=== ASSIGNMENT ===
Set down the lines of the data exactly, starting at the first and stopping after the line containing "bedroom with ceiling".

[Collected data entries]
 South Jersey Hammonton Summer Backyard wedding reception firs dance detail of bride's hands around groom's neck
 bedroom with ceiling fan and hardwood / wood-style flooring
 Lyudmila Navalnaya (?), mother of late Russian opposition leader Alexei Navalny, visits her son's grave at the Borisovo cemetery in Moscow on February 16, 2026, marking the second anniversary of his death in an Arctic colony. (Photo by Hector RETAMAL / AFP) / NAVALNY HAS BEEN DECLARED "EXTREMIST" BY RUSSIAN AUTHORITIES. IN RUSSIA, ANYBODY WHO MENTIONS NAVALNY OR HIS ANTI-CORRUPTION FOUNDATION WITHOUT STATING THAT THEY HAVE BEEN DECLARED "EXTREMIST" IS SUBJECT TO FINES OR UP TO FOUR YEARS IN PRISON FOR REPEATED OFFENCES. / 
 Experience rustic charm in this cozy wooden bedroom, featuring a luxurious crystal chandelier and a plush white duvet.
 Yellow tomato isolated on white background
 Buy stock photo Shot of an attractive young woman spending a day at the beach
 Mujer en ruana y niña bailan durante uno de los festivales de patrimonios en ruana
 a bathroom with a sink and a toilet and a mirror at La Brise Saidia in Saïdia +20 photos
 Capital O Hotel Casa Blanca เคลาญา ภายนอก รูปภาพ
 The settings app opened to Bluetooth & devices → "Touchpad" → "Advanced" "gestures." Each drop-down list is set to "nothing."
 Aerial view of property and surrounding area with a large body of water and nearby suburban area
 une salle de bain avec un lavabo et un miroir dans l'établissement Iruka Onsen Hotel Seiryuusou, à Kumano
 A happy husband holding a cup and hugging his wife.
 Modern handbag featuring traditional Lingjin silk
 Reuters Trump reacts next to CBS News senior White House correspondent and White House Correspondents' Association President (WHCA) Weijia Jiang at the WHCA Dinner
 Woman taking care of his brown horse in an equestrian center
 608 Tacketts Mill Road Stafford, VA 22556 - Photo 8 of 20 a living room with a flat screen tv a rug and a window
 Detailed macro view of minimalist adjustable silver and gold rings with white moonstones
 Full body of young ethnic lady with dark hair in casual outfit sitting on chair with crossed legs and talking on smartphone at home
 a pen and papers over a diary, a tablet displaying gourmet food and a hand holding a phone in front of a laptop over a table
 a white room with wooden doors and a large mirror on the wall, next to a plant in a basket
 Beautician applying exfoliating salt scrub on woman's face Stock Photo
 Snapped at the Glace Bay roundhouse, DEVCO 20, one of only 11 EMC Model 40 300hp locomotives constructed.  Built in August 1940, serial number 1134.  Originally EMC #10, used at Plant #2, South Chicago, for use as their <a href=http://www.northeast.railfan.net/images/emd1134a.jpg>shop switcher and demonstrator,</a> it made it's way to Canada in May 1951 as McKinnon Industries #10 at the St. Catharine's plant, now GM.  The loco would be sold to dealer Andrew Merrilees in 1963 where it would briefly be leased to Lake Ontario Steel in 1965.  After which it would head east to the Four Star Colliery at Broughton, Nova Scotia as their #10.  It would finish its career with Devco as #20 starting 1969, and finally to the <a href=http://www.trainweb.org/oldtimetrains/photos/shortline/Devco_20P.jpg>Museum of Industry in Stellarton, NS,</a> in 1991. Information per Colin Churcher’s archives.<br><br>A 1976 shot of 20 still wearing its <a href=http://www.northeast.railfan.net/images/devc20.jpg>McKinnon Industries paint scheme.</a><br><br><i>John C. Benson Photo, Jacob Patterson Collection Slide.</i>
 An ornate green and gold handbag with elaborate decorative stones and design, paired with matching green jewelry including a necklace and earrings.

=== REPLY TO THE EXERCISE ===
 South Jersey Hammonton Summer Backyard wedding reception firs dance detail of bride's hands around groom's neck
 bedroom with ceiling fan and hardwood / wood-style flooring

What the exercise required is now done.